What a market does not offer is the choice to not have these things monetized. By their very nature, markets cannot give us a choice to protect our most prized and sacred things. And once they become monetized, something important is lost—their pricelessness.
We cannot use markets to limit the things markets can buy and sell. We have to use law. In order to have the choice to live in a society where children, organs, or sex services are not sold, we have to limit the kinds of choices people can make in the market.
It is undoubtedly true that the market provides us with an incredible range of choices. Just walk into your local superstore and witness the abundant options available to you. At the same time, the market restricts choice in ways that are just as profound, if more often ignored. Because it allocates everything according to who can pay, you don’t have choice if you don’t have money. The market gives marketers incentive and opportunity to exploit our tendency to make unreflective decisions. It monetizes everything—including our children, our sexuality, and our decisions about what kind of society we want to live in—whether we want to commodify those things or not. The pervasiveness of markets makes it nearly impossible to opt out of them.
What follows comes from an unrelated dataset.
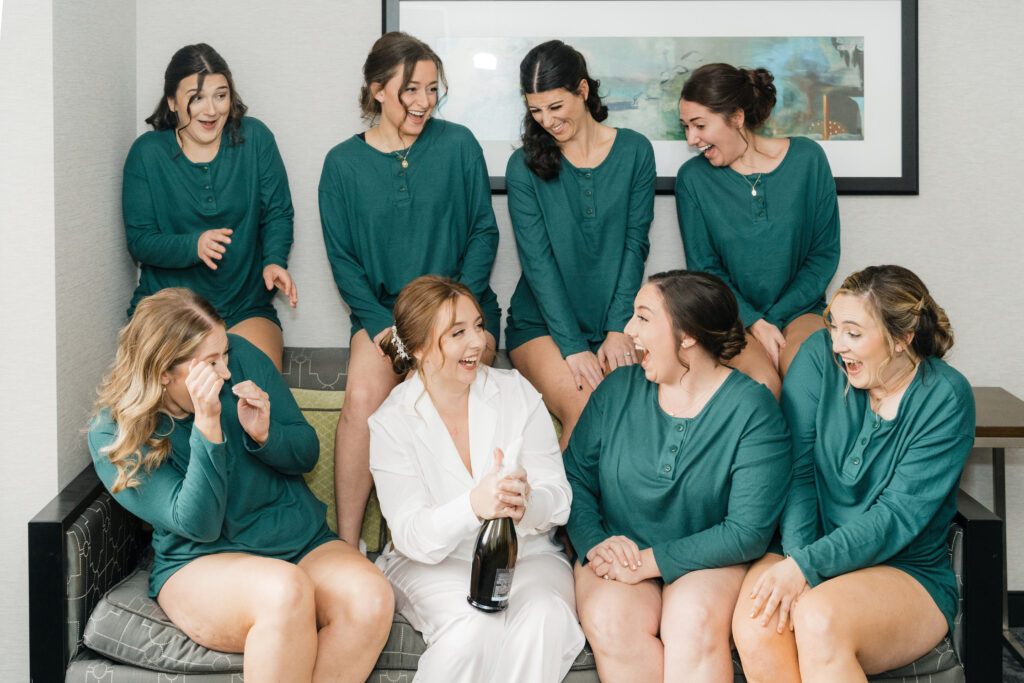 Bridesmaids toasting with champagne in matching robes at Embassy Suites Pittsburgh Downtown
Like the constraints on choice posed by the makeup of our brains, the power of culture, and our tendency to obey authority, pervasive markets operate to keep us within narrow bounds. We revel in the choice we have when we shop at Target or surf through hundreds of television channels. But the offering of so many consumer choices makes it difficult to see how we’re constrained and left open to manipulation.
There is one choice the market will not provide: a way to limit markets.
III
What to Do
7
The Problem with Personal Responsibility
Bartender, make it straight and make it two— One for the you in me and the me in you.
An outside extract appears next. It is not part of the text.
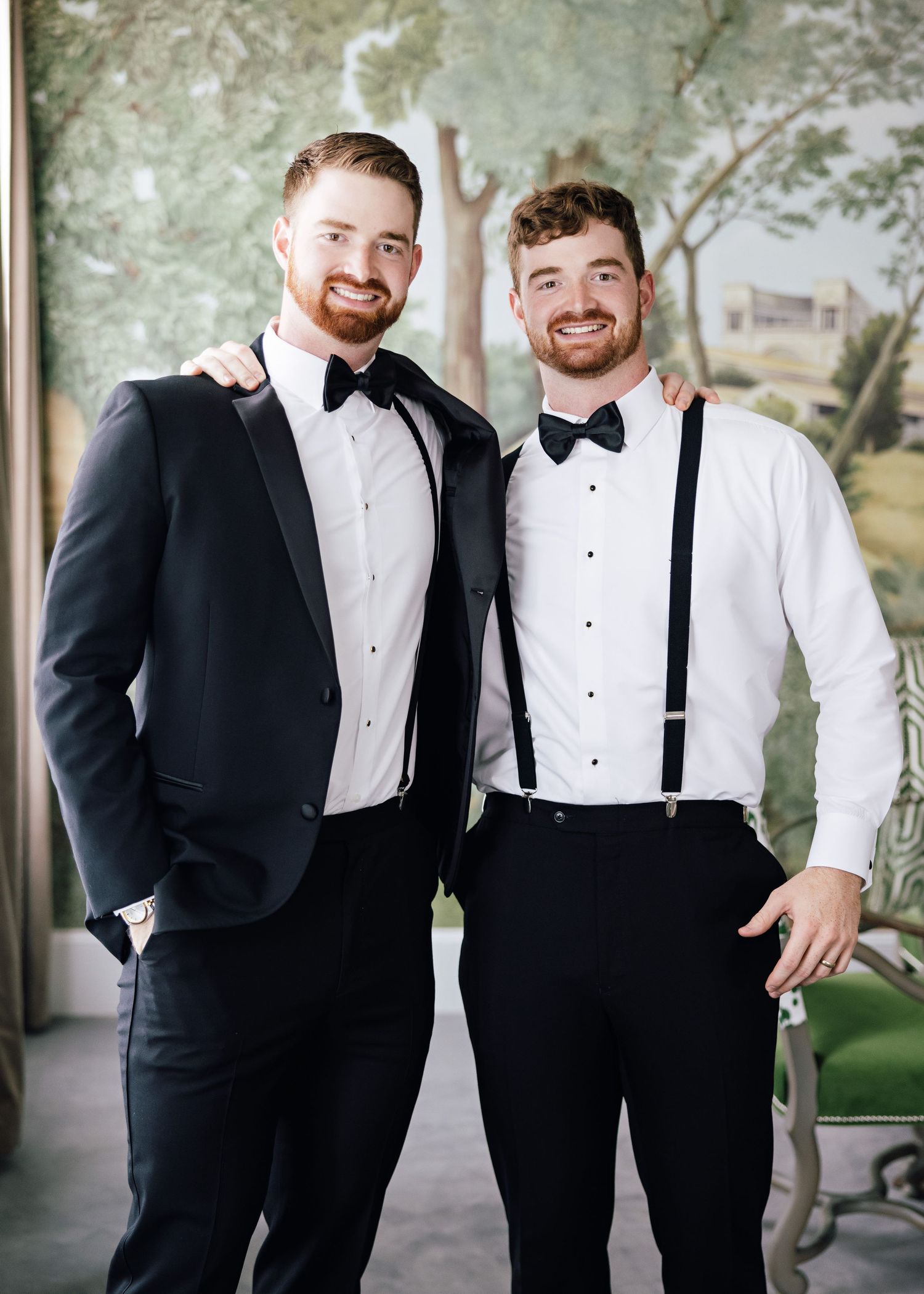 Groomsmen in black tuxedos and bow ties pose together for wedding photos.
—Melvin B. Tolson, An Ex-Judge at the Bar, 1944
It is not the responsibility of knights errant to discover whether the afflicted, the enchained and the oppressed whom they encounter on the road are reduced to these circumstances and suffer this distress for their vices, or for their virtues: the knight’s sole responsibility is to succour them as people in need, having eyes only for their sufferings, not for their misdeeds.
—Don Quixote, in Don Quixote (Miguel de Cervantes, 1605)
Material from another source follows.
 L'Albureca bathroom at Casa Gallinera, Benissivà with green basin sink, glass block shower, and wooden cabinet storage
ONE OF THE ODDEST POLITICAL firestorms of Barack Obama’s first year as president began with his announcement that he would address the nation’s children on the morning after Labor Day, when most of the country’s schools began the new year. His speech, delivered at a school in Virginia, would be beamed live into classrooms, auditoriums, and gymnasiums across the country. Schools set aside time for children and teens to assemble to hear the president’s message.